Alex Magaisa, who has died aged 46, was a law professor at the University of Kent and a major force for democracy in Zimbabwe. In the face of severe political repression under the ZANU-PF government of President Robert Mugabe, he served as a trusted advisor to the Movement for Democratic Change (MDC) opposition party led by Morgan Tsvangirai, and helped draft the country’s new constitution. Magaisa’s subsequent emergence as one of the country’s most respected political commentators was built on his remarkable ability to communicate academic insights to a mass audience. The elegance of his prose, and willingness to speak truth to power, meant that Magaisa’s words regularly entered the inboxes – and hearts – of fellow Zimbabweans. By the time of his death, he was an irreplaceable public intellectual.

Magaisa’s rise to national prominence began in the 2010s. Following the flawed presidential elections of 2008, President Mugabe was forced to accept a power sharing government in which Tsvangirai took up the role of Prime Minister and the Constitution Parliamentary Committee (COPAC) was established to revise the country’s outdated and authoritarian constitution.
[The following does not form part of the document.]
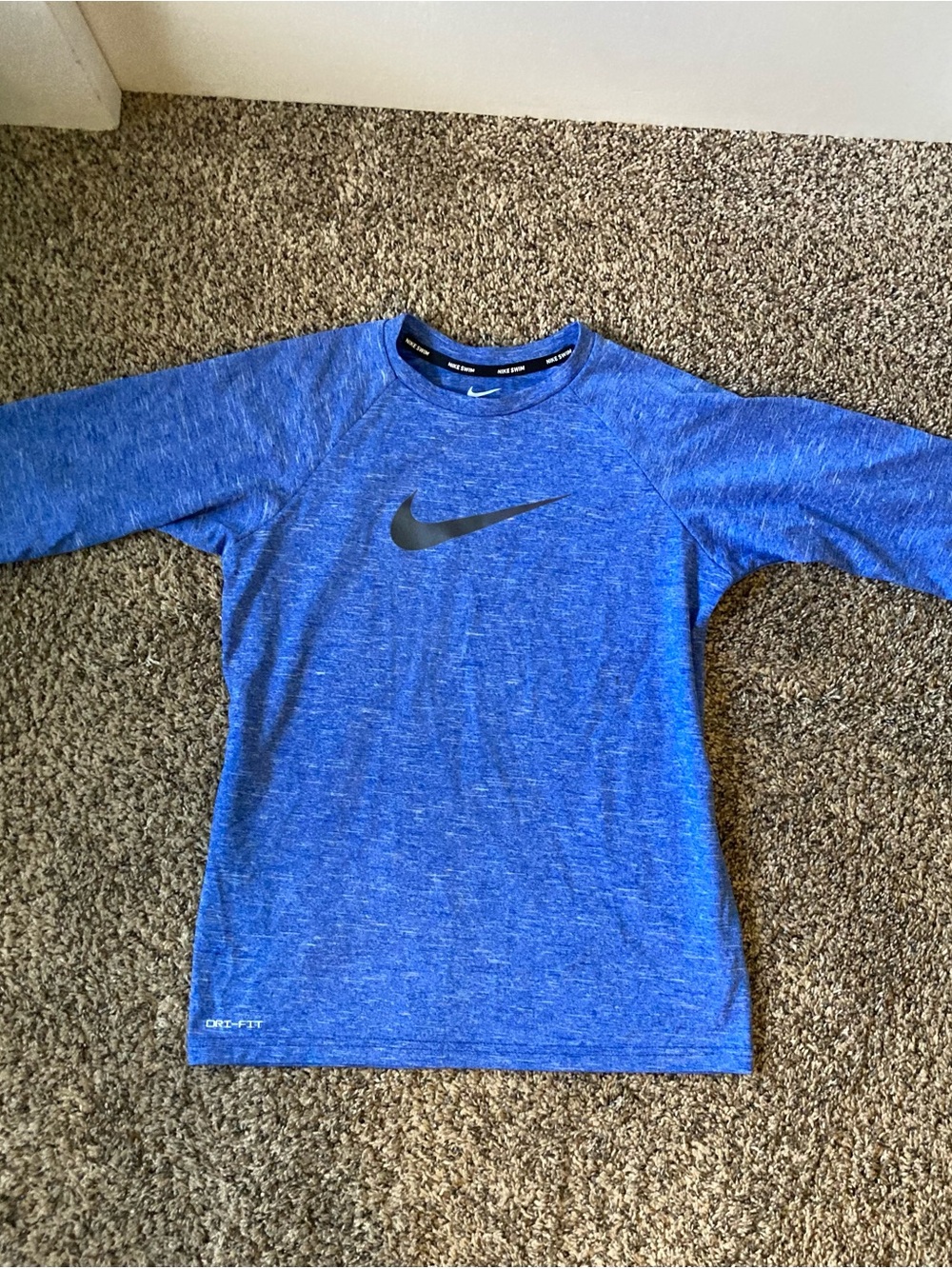 Nike Blue Heather Dri-FIT short sleeve rash guard.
In 2011, Magaisa took a leave of absence from the University of Kent to become a core member of the technical team advising COPAC, a move that reflected his deep love of his birthplace. Even though Magaisa spent much of his life outside of the country, his commitment to Zimbabwe, and to the fight for its future, never waned.

The constitutional review process was as fraught as it was important, with Mugabe disrupting  the talks and preventing meaningful change. The negotiations, and the consistent harassment of the MDC team, were brought to wider attention by the documentary Democrats, which won the Best Documentary award at the Tribeca Film Festival. Though the resulting draft had a number of limitations, it was widely seen to be an improvement on its predecessor, and was approved by almost 95% of voters in a referendum in 2013.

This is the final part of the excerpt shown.